UN Human Rights Council back to work with US seats empty
The UN’s top rights body, based in Geneva, took up a discussion on summary executions and freedom of expression with the US seats unoccupied.
The United Nations’ Human Rights Council returned to business as usual Wednesday despite the US pulling out a day earlier. Russia blasted the American move, calling it “boorish” and saying the US “inflicted a powerful blow to its human rights reputation.”
The UN’s top rights body, based in Geneva, took up a discussion on summary executions and freedom of expression with the US seats unoccupied Wednesday.
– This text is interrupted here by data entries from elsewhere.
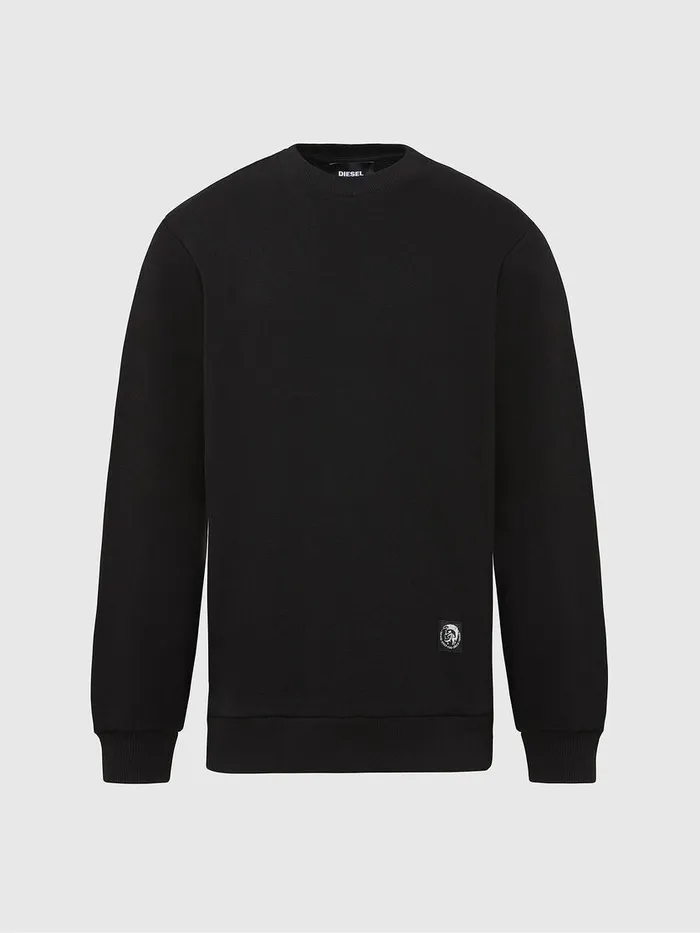 Diesel Sweaters Womens SGIRKMOHI Black Popular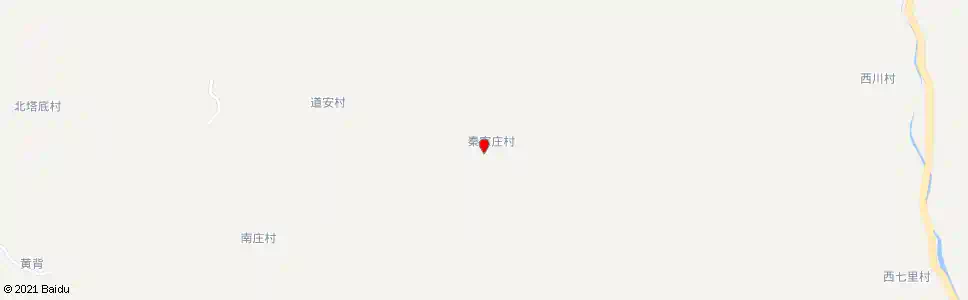 长治秦家庄_公交站地图_长治公交_妙搜公交查询2025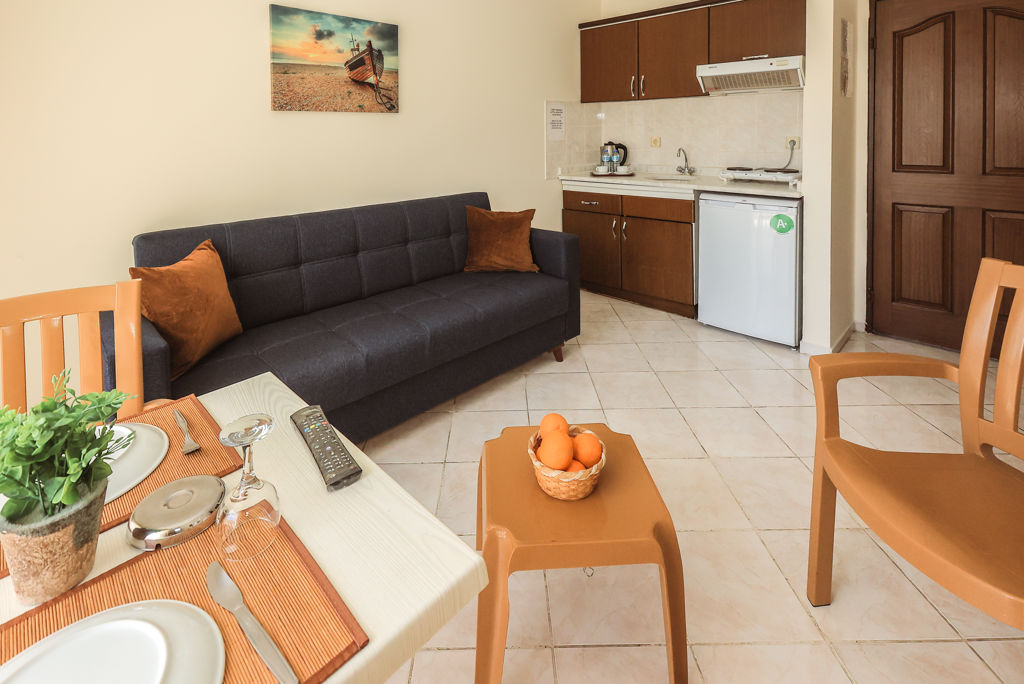 Liman Appartementen Special category Logies - Appartement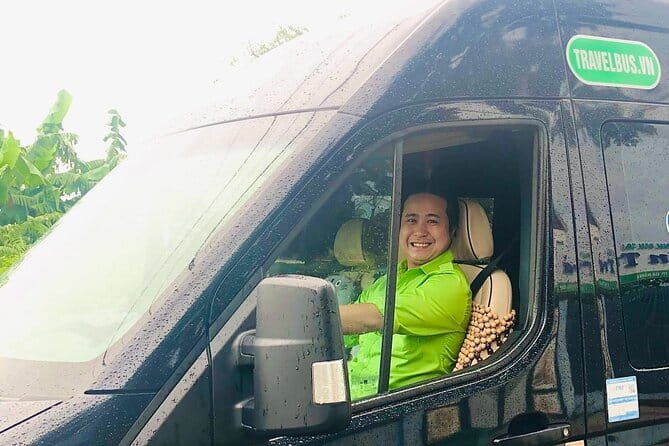 VIP Limousine: Hoi An to Hue Trip - The Scenery and Stops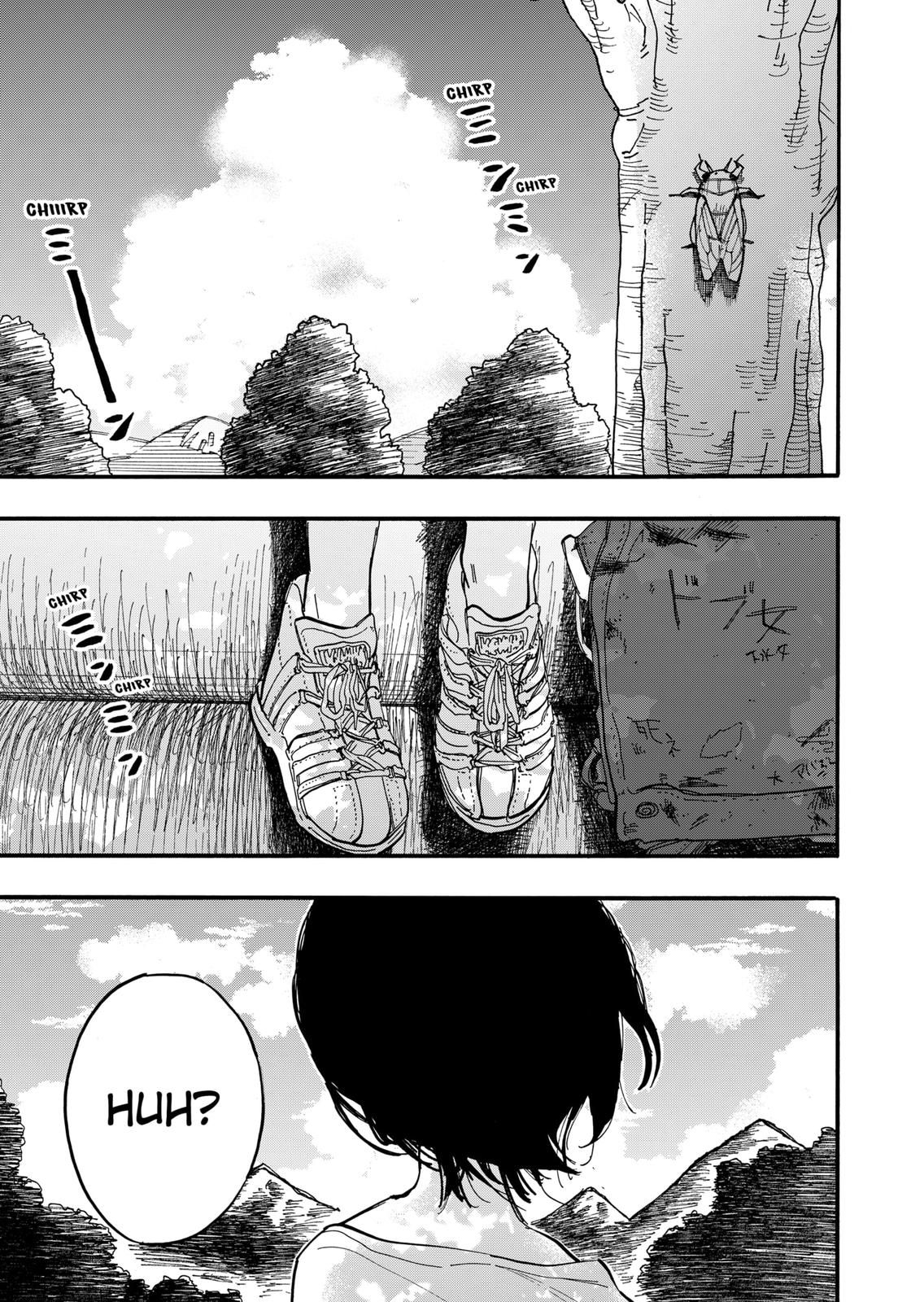 Read Takopi’s Original Sin Manga Online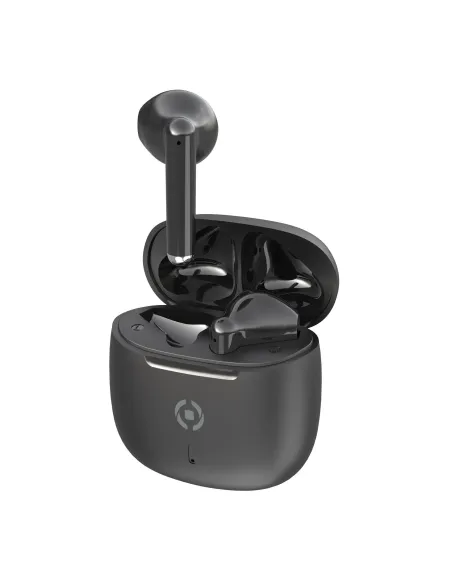 Celly BUZ2 Auriculares True Wireless Stereo (TWS) Dentro de oído Llamadas Música USB Tipo C Bluetooth Negro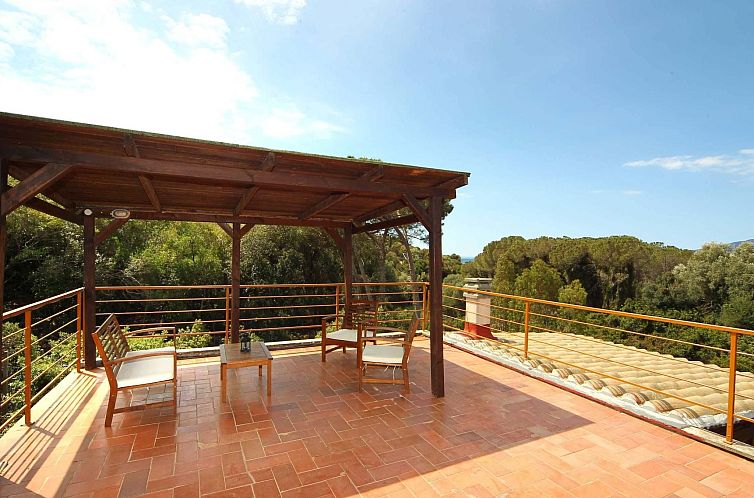 Appartement Villa Paradisino Zwei-Zimmer-Wohnung Orbetello B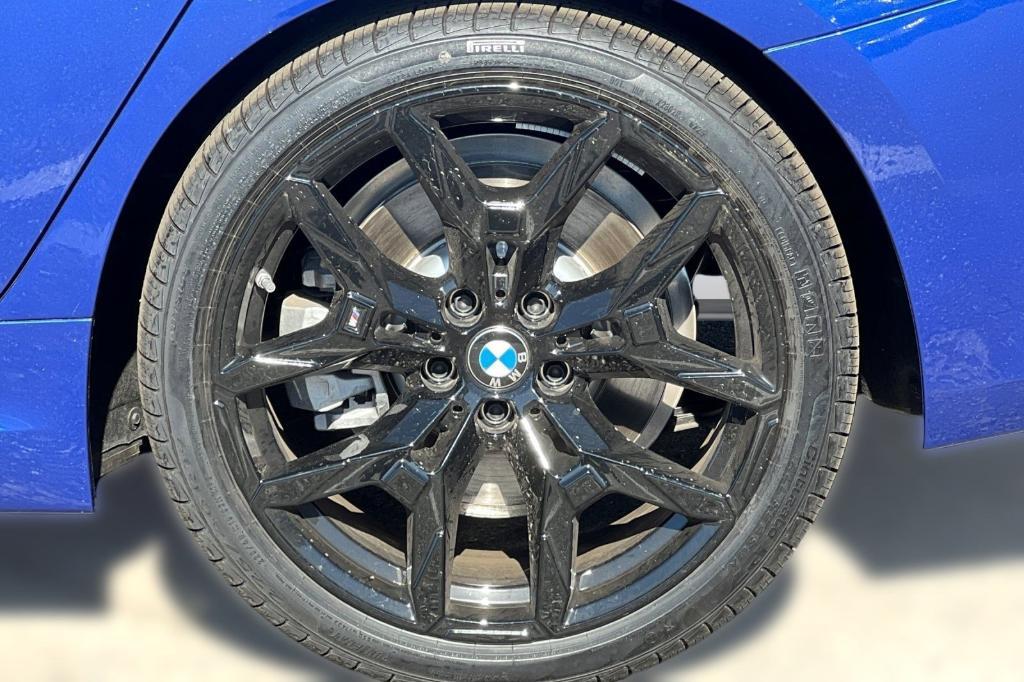 used 2025 BMW 330 car, priced at $50,731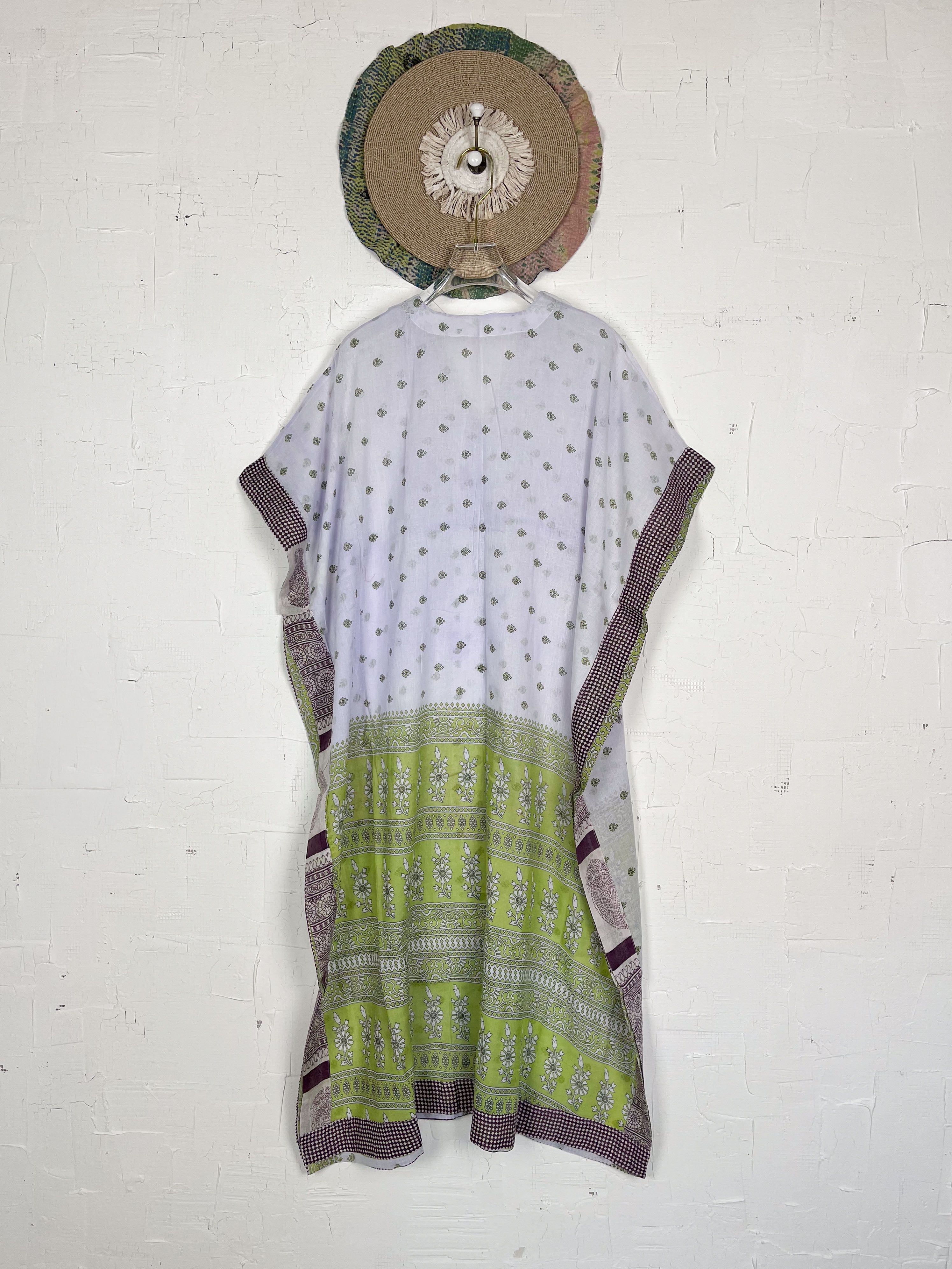Flowy kaftan - Love Protect Sustain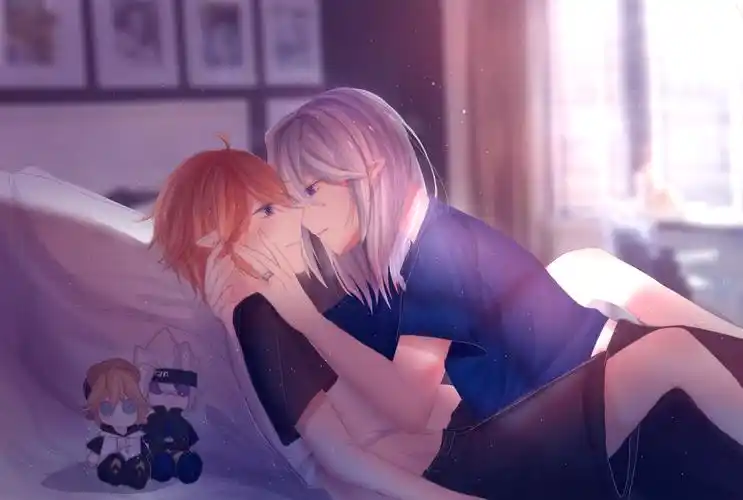 凹凸世界/瑞金手书〗hreo-小柒睡不醒z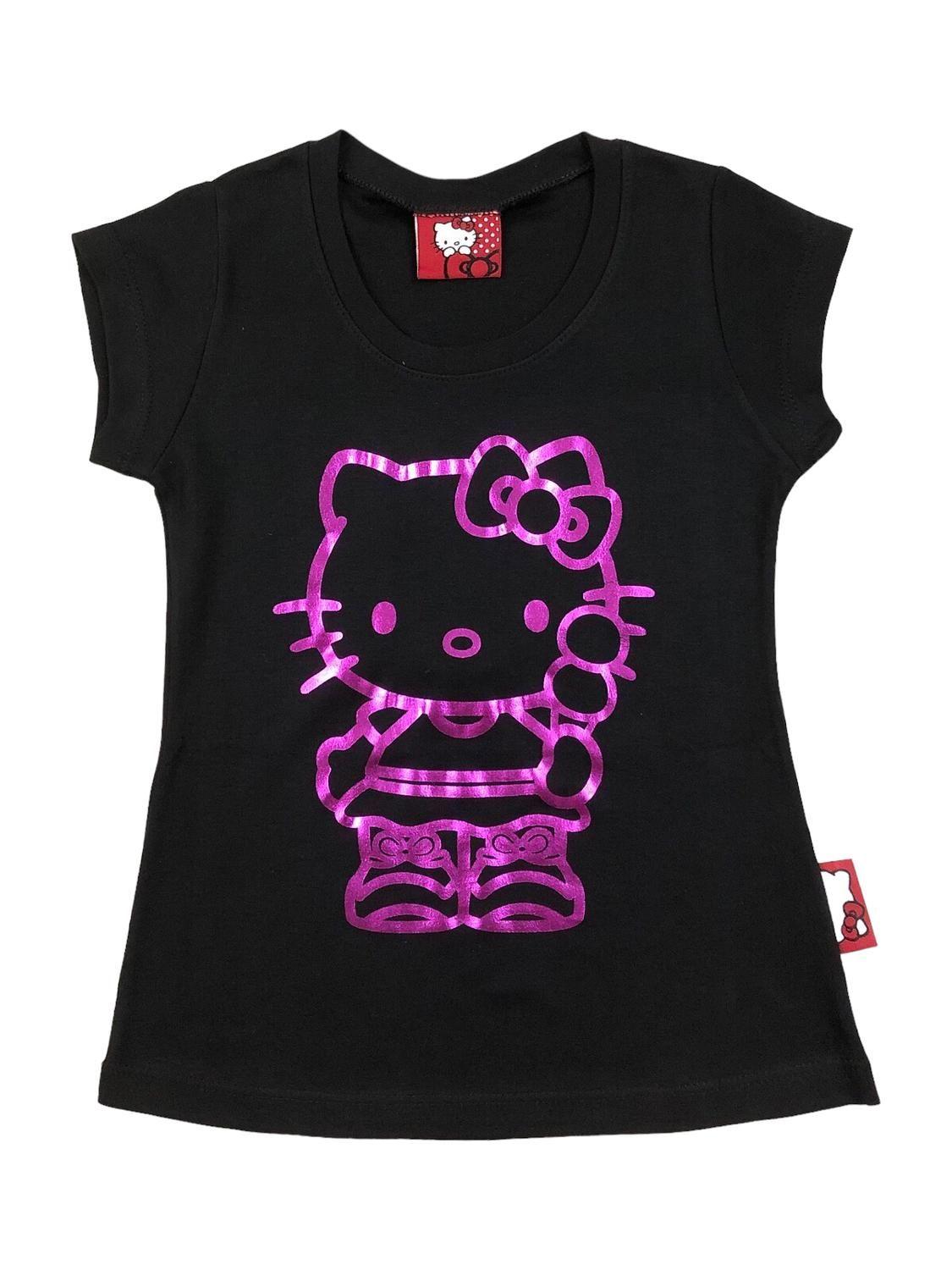 Polera Niña Hello Kitty S122430-03-0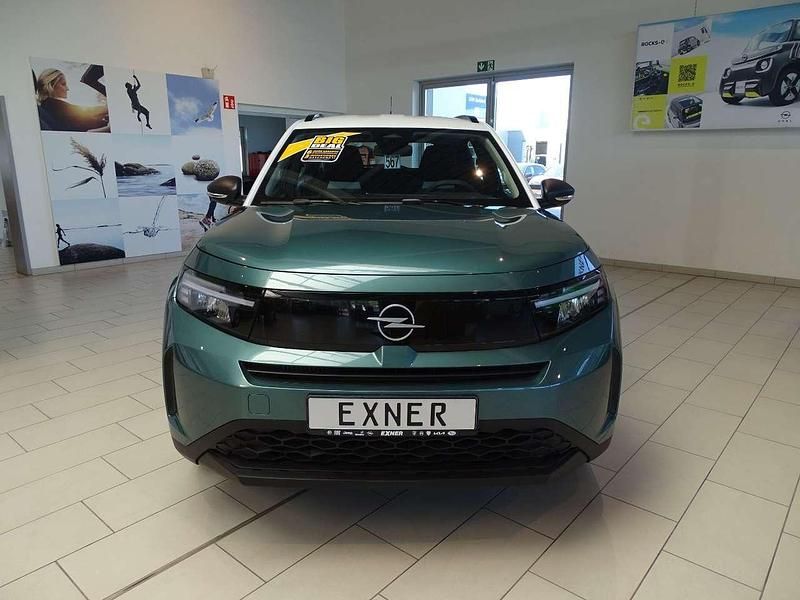 Neu Opel Frontera Edition 145 PS (106 kW) 2025 Khaki grün SUV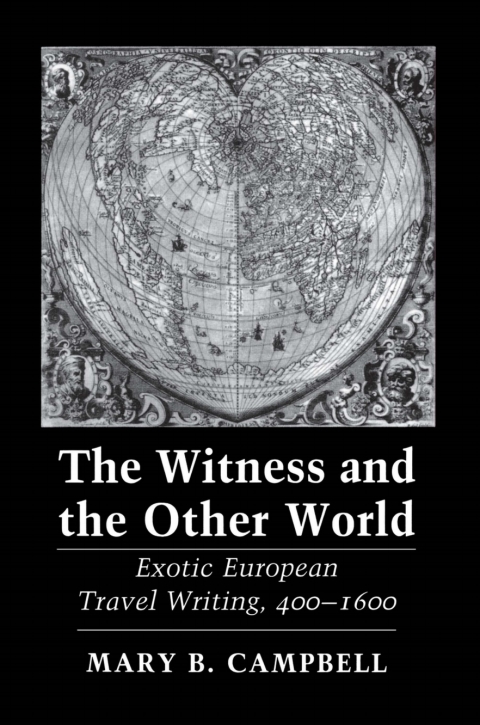 Cover image for book The Witness and the Other World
The US Ambassador to the UN, Nikki Haley, announced the pullout Tuesday, criticizing the council for “its chronic bias against Israel” and pointing out that it includes accused human rights abusers such as China, Cuba, Venezuela and Congo.
In Moscow, Foreign Ministry spokeswoman Maria Zakharova criticized what she described as Washington’s “boorish cynicism in stubbornly refusing to recognize its own human rights problems while trying to tailor the council to its political interests.”
She told a briefing that Washington “demonstrated disregard not only to the council but to the entire UN and its institutions.”
Russia’s UN mission said in a statement that the US exit from the Council reflected Washington’s unilateralist approach to global affairs. The Russian mission described the body as a “key international platform for cooperation in protecting human rights.”
One Western diplomat, speaking on condition of anonymity because he was not authorized to speak publicly on the matter, said the US was notably absent from an informal back room meeting in Belarus that it might normally have attended.